La Quête – Nina Ricci from Pictoresq on Vimeo.

Louboutin, Lacoste, Eres, Nina Ricci, American Apparel…

Et cela marche, le duo pouvant se targuer d’un solide tableau de chasse, les plus éminents fers de lance du luxe ayant déjà accordé leur confiance à Pictoresq. Citons pêle-mêle Christian Louboutin, Eres, La Perla, Tory Burch, Nina Ricci, American Apparel, Mauboussin ou encore Lacoste, premier à avoir accordé sa confiance au duo. D’autres grands noms, notamment de l’autre côté de l’Atlantique, font les yeux doux à Pictoresq et à Stéphanie Delpon qui garde la tête froide même si elle confie préférer travailler avec des marques américaines, ces dernières faisant la différence par leurs prises de décisions immédiates.  « Notre temporalité est en parfaite adéquation avec la mentalité américaine. C’est très concret. Lorsqu’on nous confie un projet, nous savons que nous allons pouvoir nous y atteler très rapidement. En France, lorsque nous nous sommes lancés, tout le monde voulait nous rencontrer, nous étions un peu les « New Kids on the block ». Mais en France les choses sont toujours un peu plus lentes et prennent du temps.», explique la jeune femme. Or, le duo atteint sa plénitude dans l’agilité et l’exécution immédiate.  Une posture gagnante pour le moment et pour Stéphanie Delpon qui demeure persuadée que l’avenir du luxe – et de ses égéries-  est entre les mains « des gens réels, ces gens qui nous ressemblent ».
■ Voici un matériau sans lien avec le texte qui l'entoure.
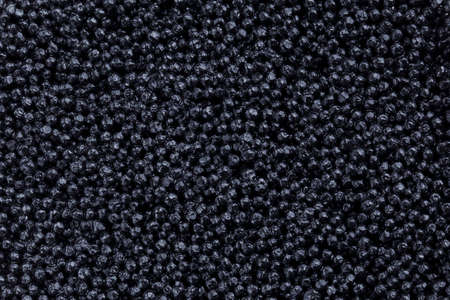 the background from a black fish eggs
« Une grande marque de lingerie avec laquelle nous allons prochainement travailler  a parfaitement saisi notre postulat et a fait état sa volonté de mettre en avant des filles plurielles. Car ces clientes peuvent être moi ou ma petite sœur mais certainement pas Gisèle Bundchen », confirme Stéphanie Delpon.  Si le succès est au rendez-vous, la jeune femme garde néanmoins les pieds sur terre et veille à ne pas se disperser, ne montrant que peu de goût pour « la croissance à tout prix » – « Nous préférons faire un million plutôt qu’en lever un et nous ne ne voyons pas diriger 200 salariés »- et voulant conserver sa liberté. « Bien entendu, nous avons été approchés par des agents et par des fonds mais nous voulons rester maîtres de notre destin ». Une maturité désarmante sans doute hérité d’un background à plusieurs facettes. Car, en effet, Stéphanie Delpon a eu le mérite de « toucher à tout » avant de construire l’univers Pictoresq dont on peut retrouver, par bribes, certains éléments de son parcours.

Un parcours multifacettes

La lucidité et le sang-froid dans un premier temps, sans doute hérités de sa passion pour la littérature et la philosophie. « Une aventure intellectuelle assez intense », se remémore-t-elle. Avant de se lancer en école de commerce où « l’état d’esprit » ne lui sied pas particulièrement au teint mais qui lui permet néanmoins d’avoir un véritable coup de foudre pour la finance. « Je trouvais que cela ressemblait par certains aspects aux systèmes kantiens », au point même de travailler, en stage, dans une salle de marché et, par la suite, chez Rothschild au sein d’un fonds d’investissement spécialisé dans l’énergie. « Je n’y connaissais pas grand-chose mais cela m’a captivée ».  Une première « partie de parcours » exempté du « démon de l’entrepreneuriat qui ne l’atteindra que plus tard, lors d’un séjour aux Etats-Unis où elle œuvre à l’émergence d’un ersatz de Silicon Valley à Miami. « Je n’avais jamais pris de cours d’entrepreneuriat à l’ESCP mais lors de cette expérience, toute cette énergie m’a grisée et m’a incitée à créer moi aussi mon propre destin ». Entre la théorie et le réel, Stéphanie Delpon a définitivement fait son choix.